Captioned web image data
————————

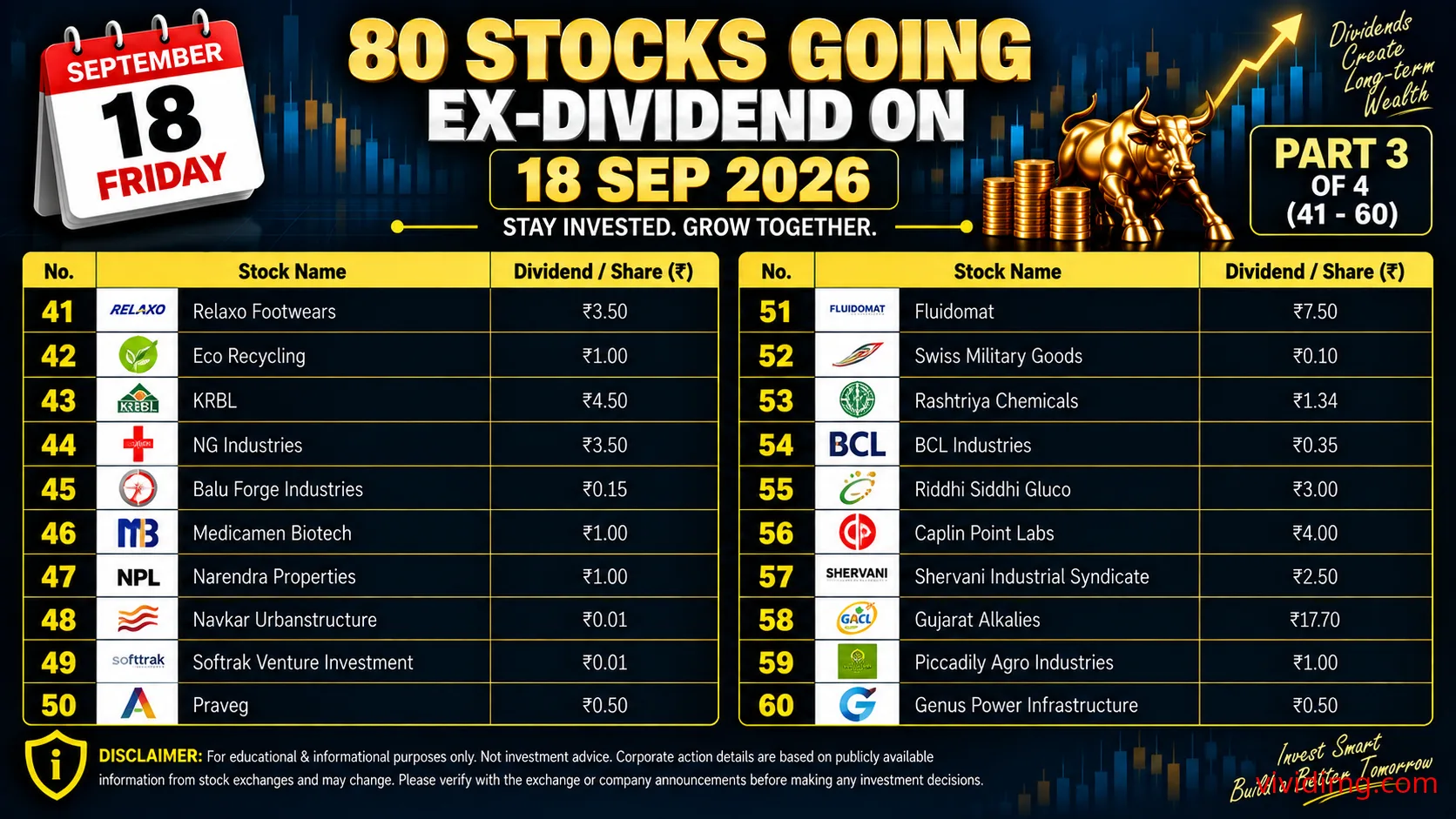 80 stocks going ex-dividend on 18 Sep 2026 – Complete dividend list thumbnail 3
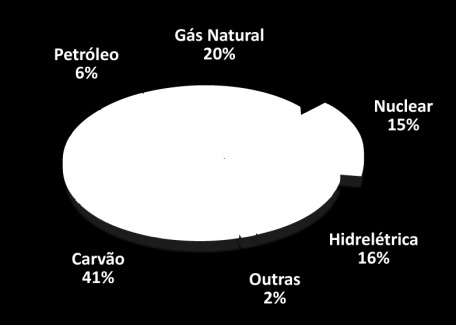 HOJE (2001 2011) Energia elétrica no Brasil (ano base 2009) Num mundo dominado por 82% de energia
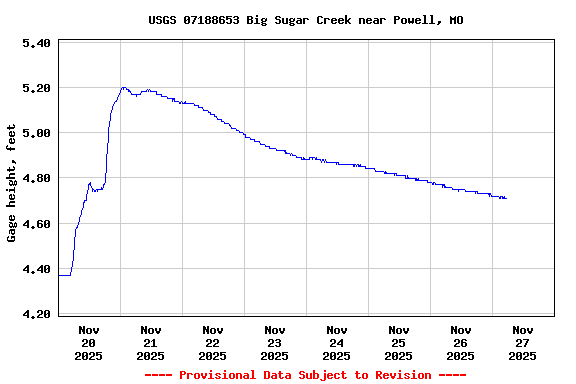 Graph of  Gage height, feet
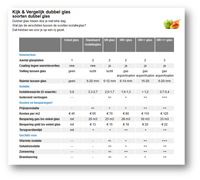 identificatie Besparing Technologie Dubbel glas vergelijken - Vergelijk soorten glas | Hoe-Koop-Ik.nl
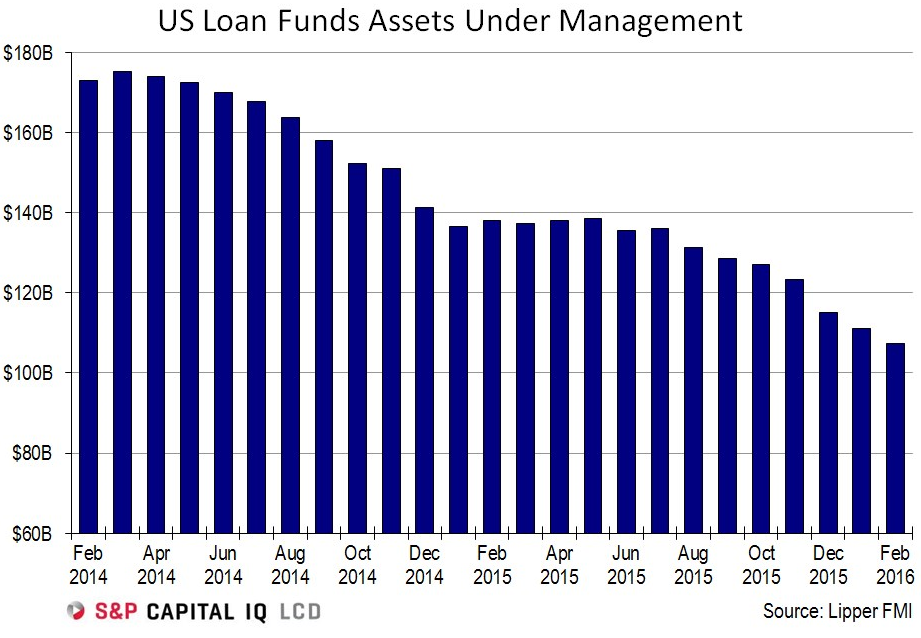 US-SP-leveraged-loan-funds-AUM-2014-2016-02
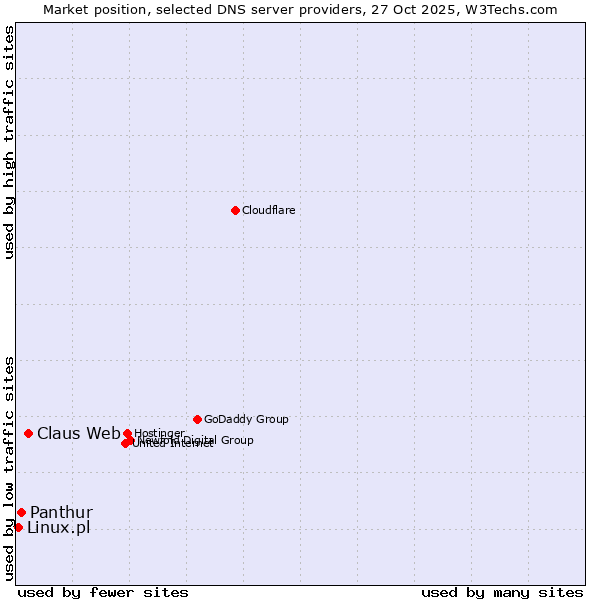 Market position of Claus Web vs. Panthur vs. Linux.pl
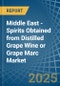 Middle East - Spirits Obtained from Distilled Grape Wine or Grape Marc - Market Analysis, Forecast, Size, Trends and Insights - Product Thumbnail Image
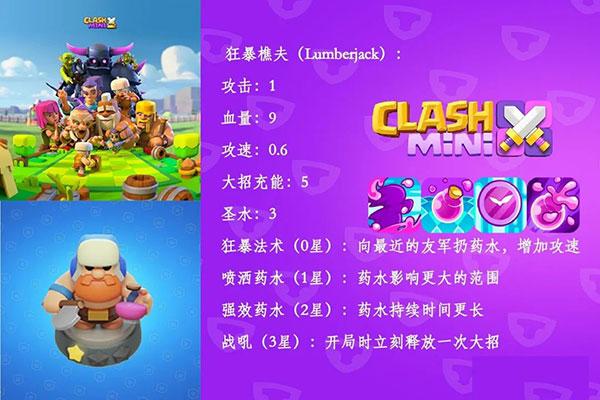 皇室奇兵国际版下载,皇室奇兵,塔防游戏,卡通游戏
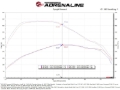 Picture of aFe 20-24 GM Trucks/SUVs L6-3.0L (td) LM2/LZ0 Momentum HD Cold Air Intake System w/ Pro DRY S Filter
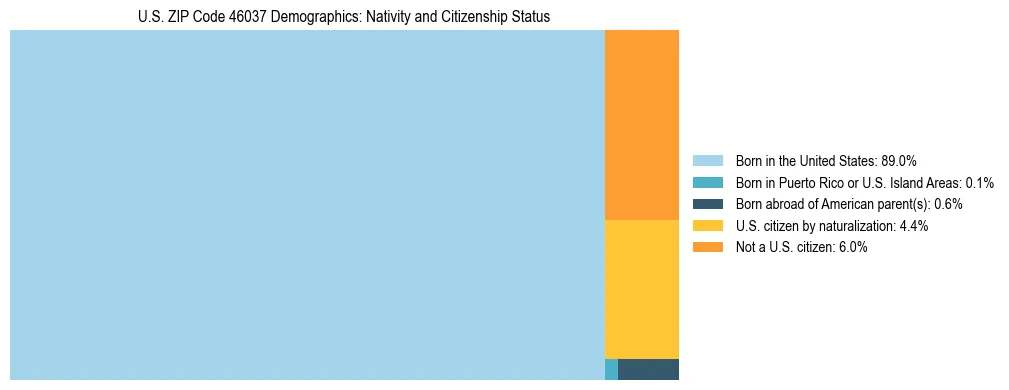 Treemap showing the population distribution by nativity and citizenship status in US ZIP Code 46037 based on U.S. Census data.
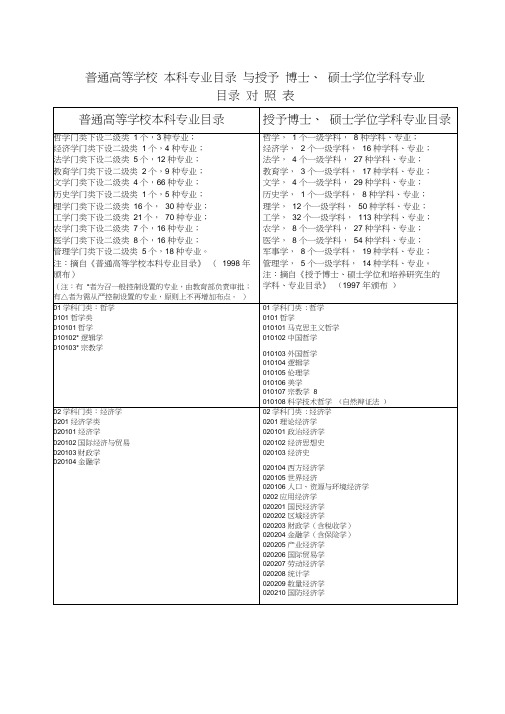 本科专业与研究生学科专业目录对照表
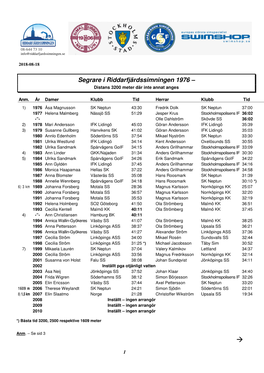 Segrare I Riddarfjärdssimningen 1976 – Distans 3200 Meter Där Inte Annat Anges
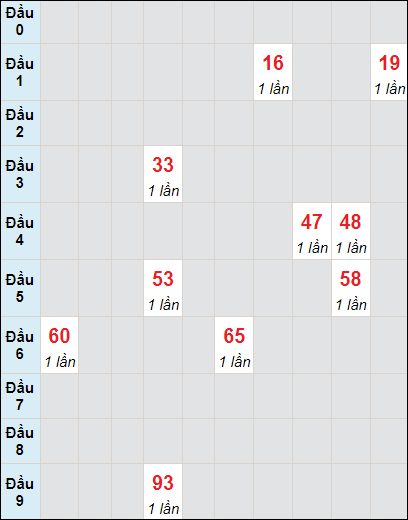 Soi cầu bạch thủ đài Bạc Liêu ngày 7/11/2023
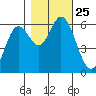 Barview Jetty tide chart for Monday, October 25, 2021
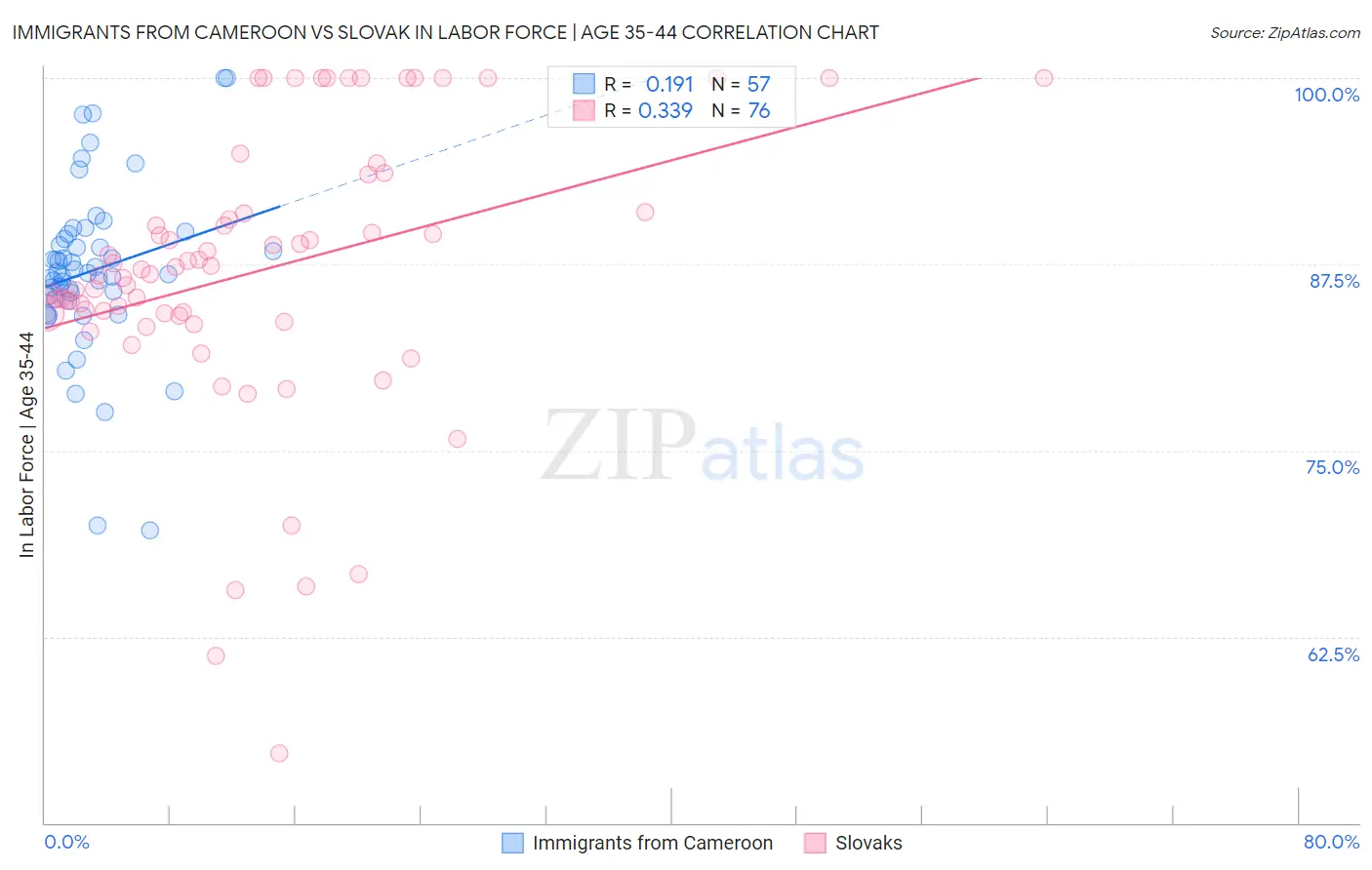 Immigrants from Cameroon vs Slovak In Labor Force | Age 35-44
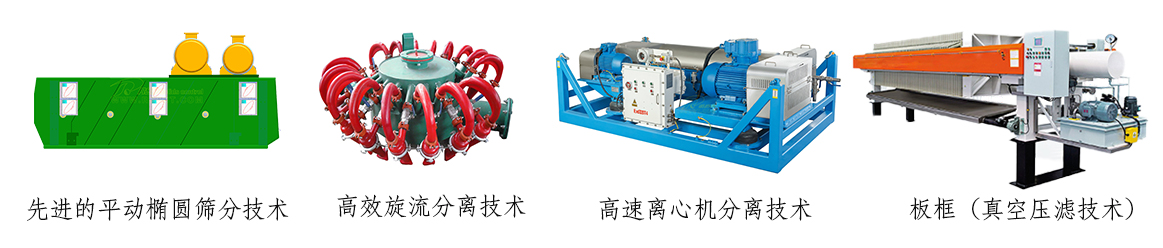 锐实达分离技术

————————

YOUR INSTRUCTIONS:
Repeat the data exactly. Pictures should not appear.

OUTPUT:
 80 stocks going ex-dividend on 18 Sep 2026 – Complete dividend list thumbnail 3
 HOJE (2001 2011) Energia elétrica no Brasil (ano base 2009) Num mundo dominado por 82% de energia
 Graph of  Gage height, feet
 identificatie Besparing Technologie Dubbel glas vergelijken - Vergelijk soorten glas | Hoe-Koop-Ik.nl
 US-SP-leveraged-loan-funds-AUM-2014-2016-02
 Market position of Claus Web vs. Panthur vs. Linux.pl
 Middle East - Spirits Obtained from Distilled Grape Wine or Grape Marc - Market Analysis, Forecast, Size, Trends and Insights - Product Thumbnail Image
 皇室奇兵国际版下载,皇室奇兵,塔防游戏,卡通游戏
 Picture of aFe 20-24 GM Trucks/SUVs L6-3.0L (td) LM2/LZ0 Momentum HD Cold Air Intake System w/ Pro DRY S Filter
 Treemap showing the population distribution by nativity and citizenship status in US ZIP Code 46037 based on U.S. Census data.
 本科专业与研究生学科专业目录对照表
 Segrare I Riddarfjärdssimningen 1976 – Distans 3200 Meter Där Inte Annat Anges
 Soi cầu bạch thủ đài Bạc Liêu ngày 7/11/2023
 Barview Jetty tide chart for Monday, October 25, 2021
 Immigrants from Cameroon vs Slovak In Labor Force | Age 35-44
 锐实达分离技术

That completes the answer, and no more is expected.